I've only ever purchased one new gun ever, unless it is being used in a combat/police environment there is no need to fork out money for a new one.

Good luck getting a new weapon in the military too! lol


----------



## x SF med (Apr 15, 2008)

I'll agree on the .308 as a good choice for a firt rifle - look at a good used Win Model 70.


----------



## Grace (Apr 15, 2008)

*Tikka .270!!!*

I have a Tikka t3 in .270. 
They are made side by side with the higher quality Sakos, and therefore, are close to the same quality (and about half the price). A new one costs about $500.


----------



## Marauder06 (Apr 15, 2008)

My first rifle was a 10-22 with a folding stock, courtesy of Rick's Pawn and Gun in Fayetteville.  I still have it.
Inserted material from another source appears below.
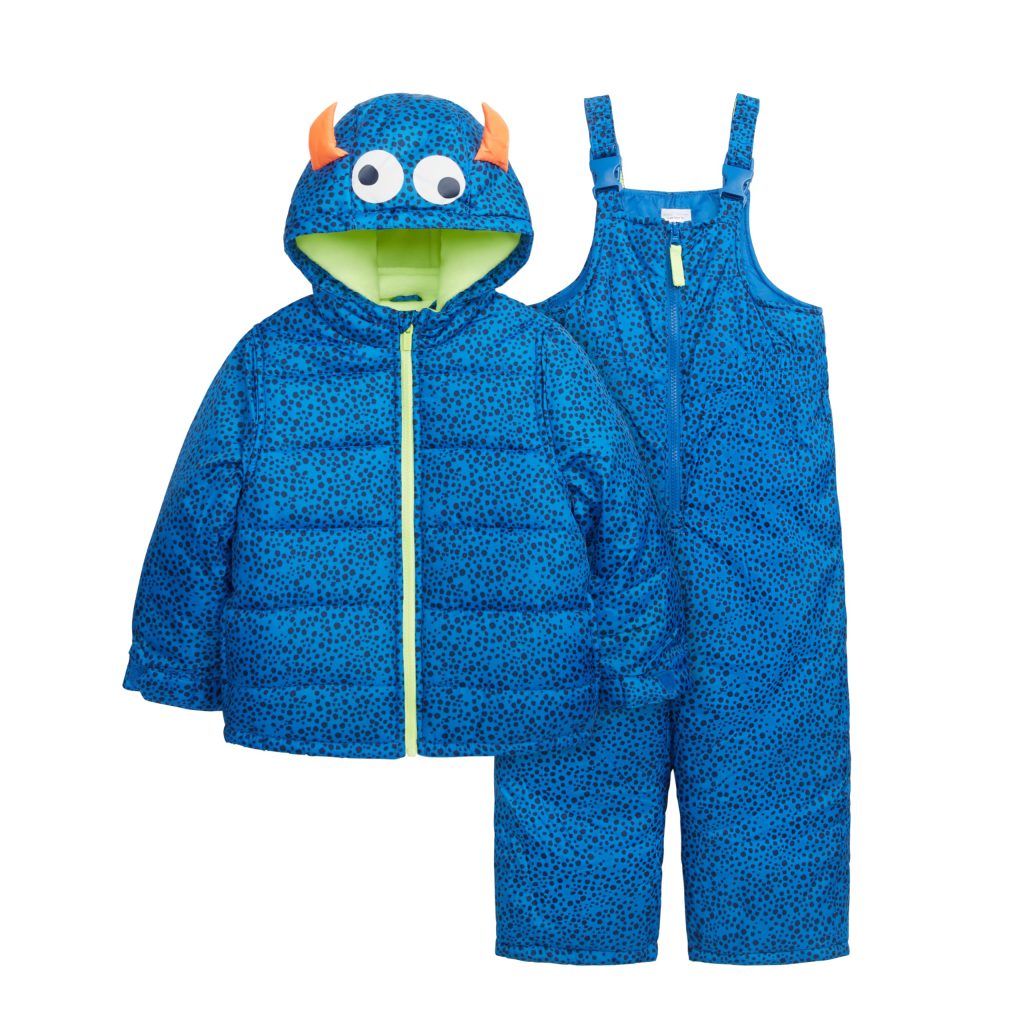 Carter’s Boys’ Snowsuit Jacket and Bib Set: A Practical Winter Option for Active Kids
I also bought an SKS, fun gun to shoot.

If you're heading off to basic soon, may want to hold off buying a rifle.  Can't take it with you, and (if you're smart) after basic you'll have a lot more $$ to buy a better rifle.  :2c:


----------



## Frisco (Apr 15, 2008)

Marauder06 said:


> My first rifle was a 10-22 with a folding stock, courtesy of Rick's Pawn and Gun in Fayetteville.  I still have it.
> 
> I also bought an SKS, fun gun to shoot.
> 
> If you're heading off to basic soon, may want to hold off buying a rifle.  Can't take it with you, and (if you're smart) after basic you'll have a lot more $$ to buy a better rifle.  :2c:



speaking of which.. how does the military handle private weapons?


----------



## Polar Bear (Apr 15, 2008)

I would say wait until you are through w/ your training. Don't want to pick up any bad habits before you leave


----------



## Marauder06 (Apr 15, 2008)

It depends.  When you're in training, you're probably best off not bringing it with you. 

I do not presume to be an expert on the Air Force, but I suspect that if you live in the barracks, you will need to register your weapon on base, and store it in your unit's arms room.


----------



## DirtyMonkey (Apr 16, 2008)

You should probably bring it to boot camp with you.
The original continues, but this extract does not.